Come to Brewster for a big dose of good ol’American whatever.

Sometimes words don’t come easily ’bout a thing – but, if you’re ever in need of a big dose of good ol’American whatever – come to Brewster – you won’t have a hard time finding it here.

Mama Cow

Now, sometimes a thing’s like eating good jerky: you can’t chew and talk ’bout it at the same time. And when you’re done chewin’, you’re happy you got a minute pickin’ your teeth, while you stand there thinking ’bout exactly what you wanna say.

Uncle Buck’s Lodge is the first thing you see when you ride into Brewster. It stands there like a fortress with a Ranch-style architecture. It makes you feel a little uneasy, first looking at it, because there’s no other building near its size in the whole town.

The second most stately house belonged to the county attorney, who died over a decade ago, who they never bothered to replace. The courthouse is next on the list – and both of them are calves standing next to Uncle Buck’s.

“The town” is a half dozen buildings – boarded up. Main Street, lies there like a sick ol’dog, where an old school telephone booth – one you might expect to see Superman fly out of – is the only thing lit up. One or two shops have signs reading they’ll open on the next special occasion. And, I’m told, the school kids – what remains of them – are bused to a neighboring school twenty miles down the road.

But Uncle Buck’s Lodge is lively. Heck, you may as well say Uncle Buck’s Lodge is the town, now.

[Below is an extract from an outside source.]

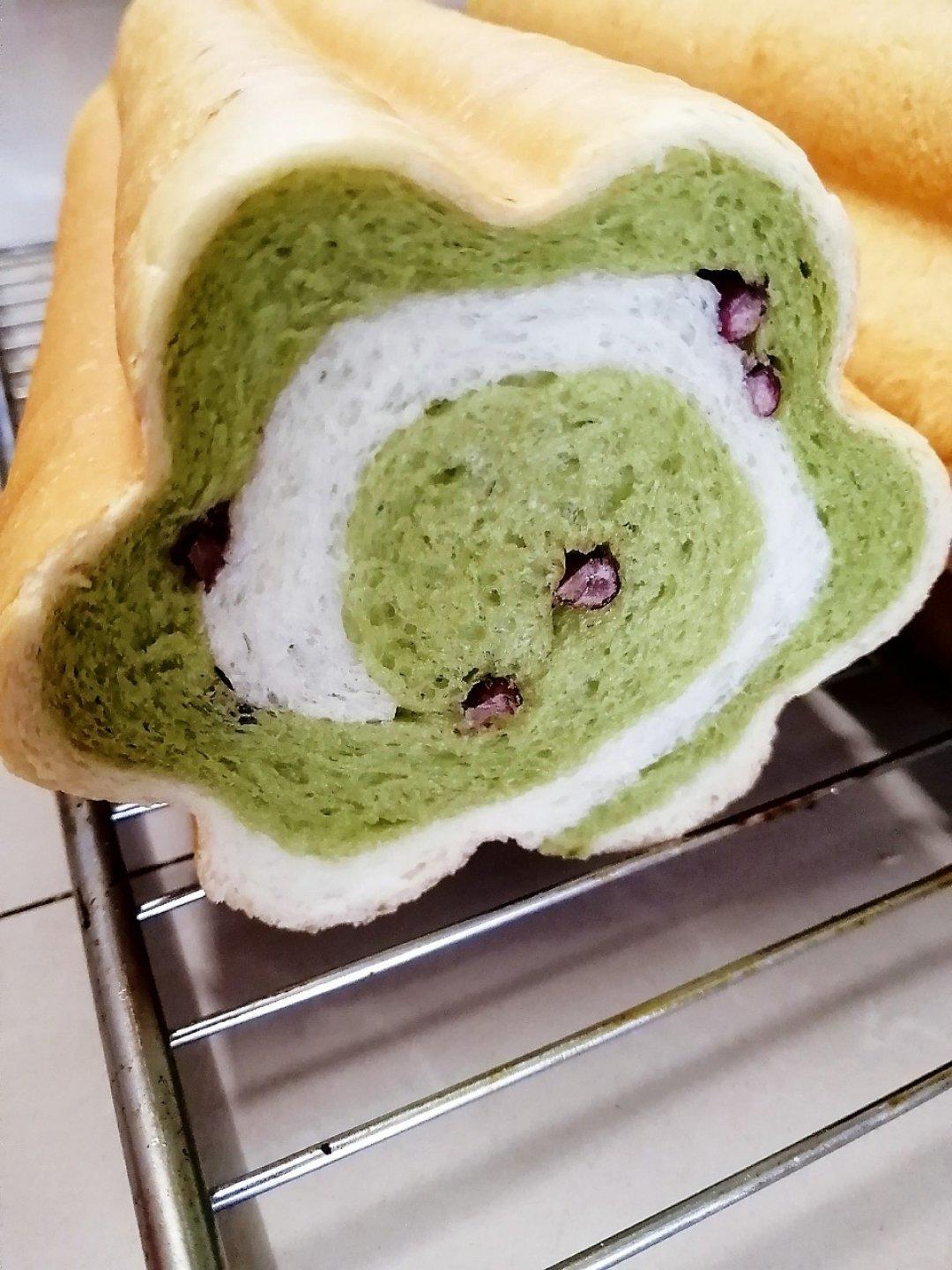 双色蜜豆花朵吐司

IMG_1532Walt and Marilyn own and run this great establishment. They built the place from the ground up – both being born spittin’ distance from its foundation.

Walt’s an old bull you know to steer clear of, at first. But you start thinking about having a word with him after you see him sitting there with guests,  chatting real friendly. And he’s not so bad – as long as you keep the nonsense down to a minimum.

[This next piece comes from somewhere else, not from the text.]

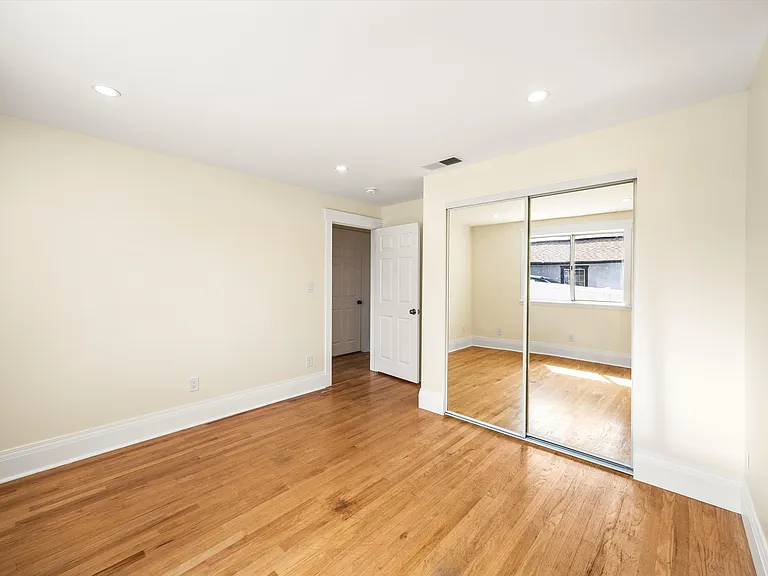 6190 Mesa Ave — Photo 14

Marilyn, though, definitely runs the show. Her hair, always tossed like mixed green salad, because she always finds something to do before she has time to comb it! She and her family have been in these parts a long time. In fact, she knows the date her ancestors drove in on a covered wagon.

It’s a bunch of hard working people, here at Uncle Bucks. A support crew of ladies from town help Marilyn at the lodge. All of them with terrific stories – but I’m not writing a sequel to Gone With The Wind.

I need to mention Scott Croner. He’s the professional outfitter staying at the lodge during turkey season. He’s a master hunter and, among other things, an Iron Man competitor. His athletic nature makes him stand out like a carrot in a pot of peas, in this neck in the woods.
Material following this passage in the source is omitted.